To Read or to Run: Two Ways to Understand Source Code Evidence

Daniel W. Steinbrook

Technology Strategy & Analysis

Client Bulletin

April 19, 2021

Back in kindergarten, when given the freedom to run around at recess, I was much more likely to read a book. A few decades later, I’m still faced with this choice: when given a collection of source code to analyze, should I read it or run it?

Computer scientists refer to these options as static analysis and dynamic analysis. There are many tools to assist with both, but most are geared towards finding bugs or security holes. By contrast, we’re often assessing IP claims. We’re interested in knowing exactly what parts of the code are run, and when. Is this an activity for the library or the playground?

When to read

Source: https://xkcd.com/1513/

In a software patent lawsuit, reading the source code is essential. That’s because software patents generally cover specific algorithms or architectures of a software system. The source code lays out how the software is implemented and organized.

If authorship is in question, then reading is also most likely the best approach. Source code repositories like Git can make it trivial to determine who last modified a given file or line of code.

Finally, reading code can also identify relevant licenses. These are often included as code comments, or as separate text files alongside the source code.

When to run

Running a complex codebase can help to identify which parts of the codebase are actively used and which are not. A block of source code that never runs is known as dead code.

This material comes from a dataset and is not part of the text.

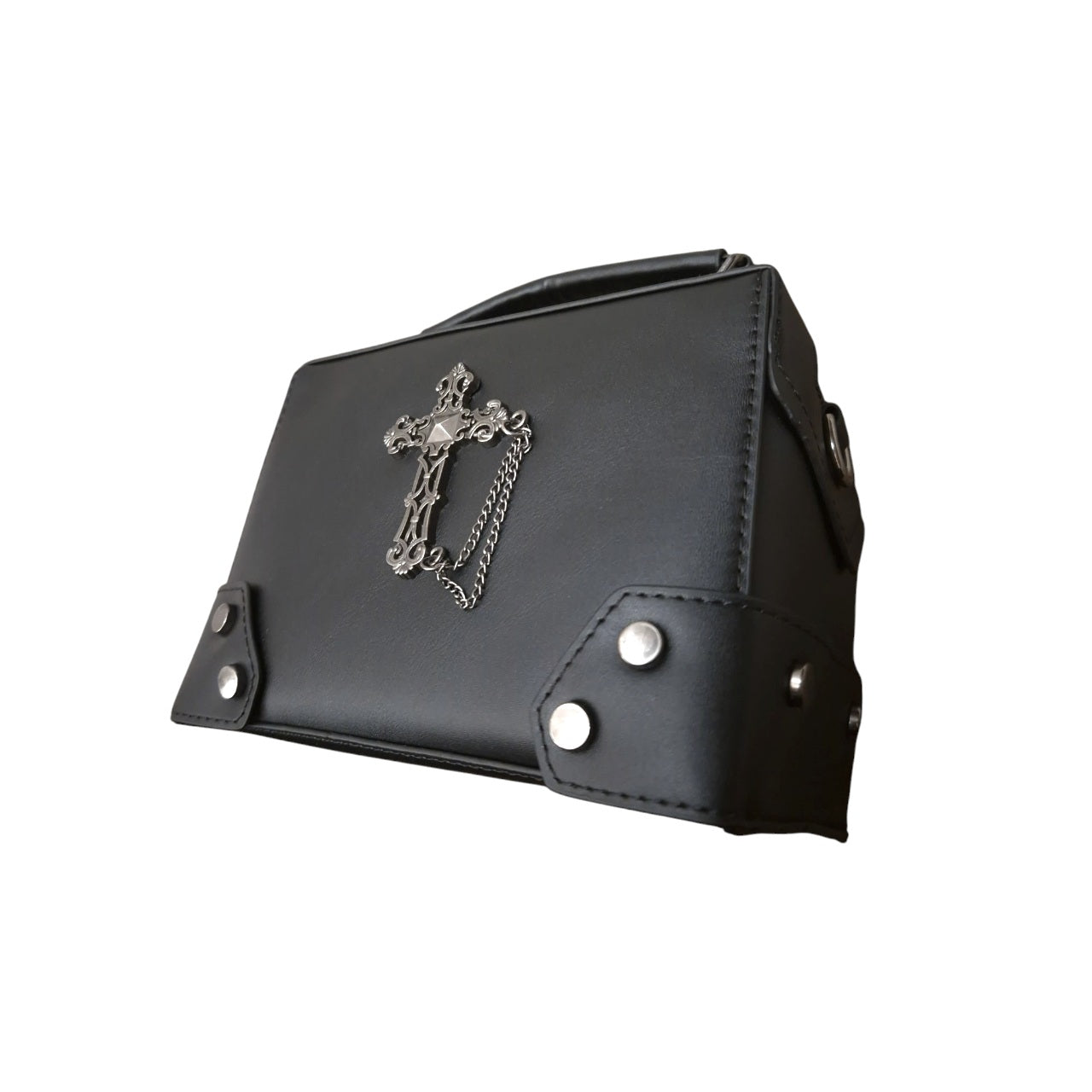 Gothic Cross Embellished Rectangular Handbag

While an expert can say with some confidence whether a particular piece of code is run by reading a program, it can be much quicker to identify dead code by just running the program. When reading code, it’s often not readily apparent whether a particular section will ever execute. The order in which lines of a program run, called the control flow, rarely exactly matches the order in which lines appear in a source code file. Indeed, in some environments, various sections can execute spontaneously in response to mouse clicks or keystrokes.

Determining the visual appearance of an application is another task where running can help. Some user interfaces (UIs) are stored as text-based specifications. These describe the exact coordinates of every button and box on the screen. This is only decipherable by putting the source code in a program that can render that specification into a graphical representation.

The rendered appearance (left) and machine-generated source code (right) of a user interface.[1]

Unfortunately, the source code evidence produced in discovery is not always straightforward to run. Incomplete productions can leave out module dependencies. Build files that indicate how to assemble the source code are also sometimes necessary but missing. Experts can develop tools to work around these limitations, or identify when additional discovery requests are required.

Conclusion

Source code is unique among evidentiary productions. Unlike other documents that are preserved and reviewed as-is, source code can be run and manipulated to understand more fully. Reading is often relied upon more heavily, but running the code can lead to insights that wouldn’t otherwise be apparent.

[1] D. Draheim, C. Lutteroth & G. Weber. “Graphical user interfaces as documents.” Proceedings of the 7th ACM SIGCHI New Zealand Chapter's International Conference on Computer-Human Interaction: Design Centered HCI, 2006, Christchurch, New Zealand, July 6-7, 2006. 67-74. 10.1145/1152760.1152769.